Language Delays in Children: Types, Symptoms, and Causes
Communication is what has driven the great developments of the human race. However, not everyone develops this ability in the correct way or at the same pace. Today, we want to talk about the types of language delays in children as well as their symptoms and causes.
From the time babies are born, they start to express their needs through tears, smiles, and other gestures. As they grow, they incorporate new means of communication and even pronounce their first words. However, many children experience delays in their language development for a number of reasons. As a result, they have a harder time expressing themselves and, at times, being understood. Today, we’ll take a closer look at language delays in children.
Delays in communication can affect a child’s interactions, personality, and ability to learn. However, these delays aren’t at all uncommon. In fact, between 5 and 10% of school-aged children display some sort of difficulty when it comes to expressing themselves. This statistic comes from the Health Department of the University of Michigan.

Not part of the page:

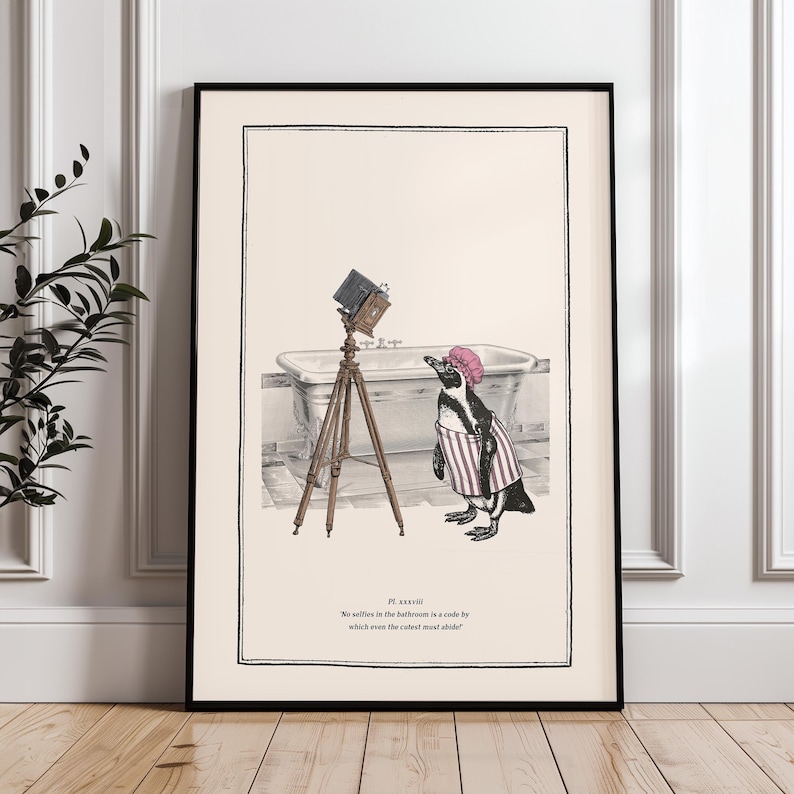 May include: Framed art print featuring a penguin in a pink shower cap and striped robe, posing in front of a vintage camera on a tripod. The background includes a bathtub. The text reads, "No selfies in the bathroom is a code by which even the cutest must abide."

Language delays in children: A communication problem
Types and symptoms
There are two types of language delays in children. The first is a receptive language delay, which refers to a difficulty in understanding language. And the second is an expressive language delay, which refers to a difficulty in communicating with words. On many occasions, children experience a combination of the two.
Discovering language delays in children can often take some time. Just the same, there are symptoms that may catch parents’ attention of parents and lead them to suspect there may be a problem. For example:
- Not babbling by around 15 months of age
- Not talking by the age of 2
- An inability to formulate short sentences by the age of 3
- Difficulty following instructions
- A child doesn’t react when others speak to him or her
- Poor pronunciation or articulation
- Difficulty putting words together in a sentence
- Leaves words out of a sentence
Read also: How to Reduce Anxiety in Children
The causes of language delays in children
Language delays in children generally originate in the brain. However, on occasions, they may be the result of some physical deficiency, social adaptation problems, or learning difficulties.
The main causes are the following:
- Hearing loss. It’s common for children who have difficulty hearing to also have a hard time learning to speak.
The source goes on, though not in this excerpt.